Thomas Busch: Es gab einen Auftrag, der in drei so genannten Evaluations-Losen ausgeschrieben war: Erstens „Ästhetische Erfahrungen und soziale Praxen“, zweitens „Teilhabegerechtigkeit“ und drittens „Kommunale Bildungslandschaften“. Wir haben dazu einen Methodenmix verwendet: quantitative Erhebungen mit Fragebögen, qualitative Erhebungen mit Interviews, aber auch teilnehmende Beobachtung im Unterricht. Wir haben außerdem Daten der JeKits-Stiftung ausgewertet.

nmz: Als Ende 2014 der Übergang von JeKi zu JeKits angekündigt wurde, gab es von fachlicher Seite skeptische Stimmen, die sagten, man gebe ein in vielen Aspekten gut eingeführtes System auf zugunsten einer quantitativen Erweiterung, die aber qualitativ hinter JeKi zurückbleibe. Wird diese Befürchtung durch die Ergebnisse ihrer Evaluation entkräftet, bestätigt oder ist ein direkter Vergleich gar nicht möglich?

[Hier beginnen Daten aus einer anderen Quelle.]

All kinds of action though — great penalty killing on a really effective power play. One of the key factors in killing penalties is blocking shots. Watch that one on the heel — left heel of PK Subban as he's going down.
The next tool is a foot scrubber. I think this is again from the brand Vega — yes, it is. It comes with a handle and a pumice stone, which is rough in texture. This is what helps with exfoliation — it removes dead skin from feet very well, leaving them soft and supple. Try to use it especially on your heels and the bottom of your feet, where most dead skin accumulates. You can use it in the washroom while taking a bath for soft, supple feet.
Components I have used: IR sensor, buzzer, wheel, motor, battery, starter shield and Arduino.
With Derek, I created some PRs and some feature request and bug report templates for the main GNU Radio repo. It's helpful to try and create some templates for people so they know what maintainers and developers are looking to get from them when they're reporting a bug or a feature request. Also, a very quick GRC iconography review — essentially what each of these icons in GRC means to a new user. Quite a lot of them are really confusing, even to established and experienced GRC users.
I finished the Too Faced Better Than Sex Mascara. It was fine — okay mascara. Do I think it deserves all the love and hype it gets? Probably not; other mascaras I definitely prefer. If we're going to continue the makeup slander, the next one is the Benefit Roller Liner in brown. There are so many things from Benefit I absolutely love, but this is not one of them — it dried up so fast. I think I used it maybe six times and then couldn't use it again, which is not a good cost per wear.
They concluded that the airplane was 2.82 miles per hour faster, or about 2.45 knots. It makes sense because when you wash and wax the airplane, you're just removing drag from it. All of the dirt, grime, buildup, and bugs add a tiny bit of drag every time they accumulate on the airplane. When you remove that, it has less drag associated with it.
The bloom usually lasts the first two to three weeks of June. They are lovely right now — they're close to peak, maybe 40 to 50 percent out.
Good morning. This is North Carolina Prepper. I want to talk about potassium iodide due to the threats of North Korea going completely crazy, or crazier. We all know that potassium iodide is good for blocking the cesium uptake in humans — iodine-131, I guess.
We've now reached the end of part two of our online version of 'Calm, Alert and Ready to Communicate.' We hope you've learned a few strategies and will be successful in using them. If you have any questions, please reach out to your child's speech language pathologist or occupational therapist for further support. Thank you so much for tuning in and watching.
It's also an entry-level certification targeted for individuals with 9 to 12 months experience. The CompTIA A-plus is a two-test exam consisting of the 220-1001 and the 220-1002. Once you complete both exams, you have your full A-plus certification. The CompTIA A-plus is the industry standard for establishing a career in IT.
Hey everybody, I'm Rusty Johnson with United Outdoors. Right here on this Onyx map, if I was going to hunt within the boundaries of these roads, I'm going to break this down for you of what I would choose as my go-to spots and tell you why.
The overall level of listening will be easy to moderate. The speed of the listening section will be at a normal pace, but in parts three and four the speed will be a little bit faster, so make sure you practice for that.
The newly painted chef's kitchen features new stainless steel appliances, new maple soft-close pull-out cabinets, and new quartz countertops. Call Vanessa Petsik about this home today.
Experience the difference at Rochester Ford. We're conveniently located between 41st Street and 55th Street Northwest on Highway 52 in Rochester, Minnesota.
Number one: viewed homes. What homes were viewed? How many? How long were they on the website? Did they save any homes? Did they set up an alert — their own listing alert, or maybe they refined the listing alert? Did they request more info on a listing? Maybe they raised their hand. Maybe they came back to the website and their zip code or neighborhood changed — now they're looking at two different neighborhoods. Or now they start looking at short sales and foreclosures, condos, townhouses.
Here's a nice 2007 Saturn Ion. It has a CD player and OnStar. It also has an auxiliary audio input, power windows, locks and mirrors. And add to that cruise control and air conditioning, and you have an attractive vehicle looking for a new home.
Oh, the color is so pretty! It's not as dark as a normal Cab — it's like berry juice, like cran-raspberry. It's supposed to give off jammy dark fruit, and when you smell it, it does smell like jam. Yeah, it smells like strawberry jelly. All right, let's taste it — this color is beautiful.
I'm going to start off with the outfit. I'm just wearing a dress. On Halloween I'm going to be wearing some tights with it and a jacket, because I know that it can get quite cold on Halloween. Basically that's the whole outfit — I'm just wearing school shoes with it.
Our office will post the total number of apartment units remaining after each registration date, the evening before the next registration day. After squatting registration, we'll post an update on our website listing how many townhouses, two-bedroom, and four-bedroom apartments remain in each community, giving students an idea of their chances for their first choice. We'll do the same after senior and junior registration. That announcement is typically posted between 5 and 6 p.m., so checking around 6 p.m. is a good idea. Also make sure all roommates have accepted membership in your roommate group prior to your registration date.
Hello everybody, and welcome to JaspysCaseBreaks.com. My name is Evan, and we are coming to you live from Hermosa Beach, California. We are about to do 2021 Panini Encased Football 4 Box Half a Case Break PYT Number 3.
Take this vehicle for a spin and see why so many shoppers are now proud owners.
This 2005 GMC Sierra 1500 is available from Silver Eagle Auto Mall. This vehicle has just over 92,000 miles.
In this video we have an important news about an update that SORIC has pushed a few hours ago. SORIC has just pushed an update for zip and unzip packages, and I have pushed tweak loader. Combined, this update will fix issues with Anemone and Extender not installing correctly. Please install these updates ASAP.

Busch: Zum einen kann man sich freuen, dass es zu einer Ausweitung gekommen ist. Denn im Sinne einer Teilhabegerechtigkeit muss man darauf hinarbeiten, dass alle Schüler*innen in NRW, nicht nur die des Ruhrgebiets, in den Genuss eines solchen Angebots kommen. Auf der anderen Seite kann man sagen, dass es bei den Kommunen, die schon am alten JeKi-Programm betei­ligt waren, immer noch ein gewisses Bedauern darüber gibt, dass die Qualität, die mit den vier Jahren JeKi möglich war, in den zwei Jahren JeKits nicht mehr so ganz erreicht werden kann. Erfreulich ist die Ausweitung in Bezug auf die Schwerpunkte Singen und Tanzen, denn diese bieten – das hat unser Evaluationsbereich „Ästhetische Erfahrung“ gezeigt – Chancen, die der bisherige Schwerpunkt Instrumente nicht so stark geboten hatte.

Andreas Lehmann-Wermser: Die Sorge, der Bereich Tanzen und Singen sei ein Massenprogramm, hat sich als unbegründet erwiesen. Es sind sehr qualitätvolle Angebote, die wir da beobachten konnten.

nmz: Täuscht der Eindruck, oder liegen die Stärken von JeKits insgesamt eher im sozialen als im ästhetischen Bereich?

Busch: Das ist zu pauschal. Wir haben das Bemühen der Lehrkräfte gesehen, Räume für ästhetische Erfahrungen zu inszenieren, und wir konnten solche Prozesse auch beobachten. Das Tanzen hat hier übrigens die Nase vorn: Hier ist es unserer Beobachtung nach verstärkt zu Situationen gekommen, in denen Kinder kreativ und produktiv gestalten konnten und nicht nur reproduktiv tätig waren. Da kommen die Kinder auch in Situationen des Staunens, der Überraschung und der Offenheit, oder können im Augenblick versinken.

nmz: Kann im zweiten JeKits Jahr wirklich sinnvoll in Gruppen oder gar in Orchestern mit Instrumenten musiziert werden?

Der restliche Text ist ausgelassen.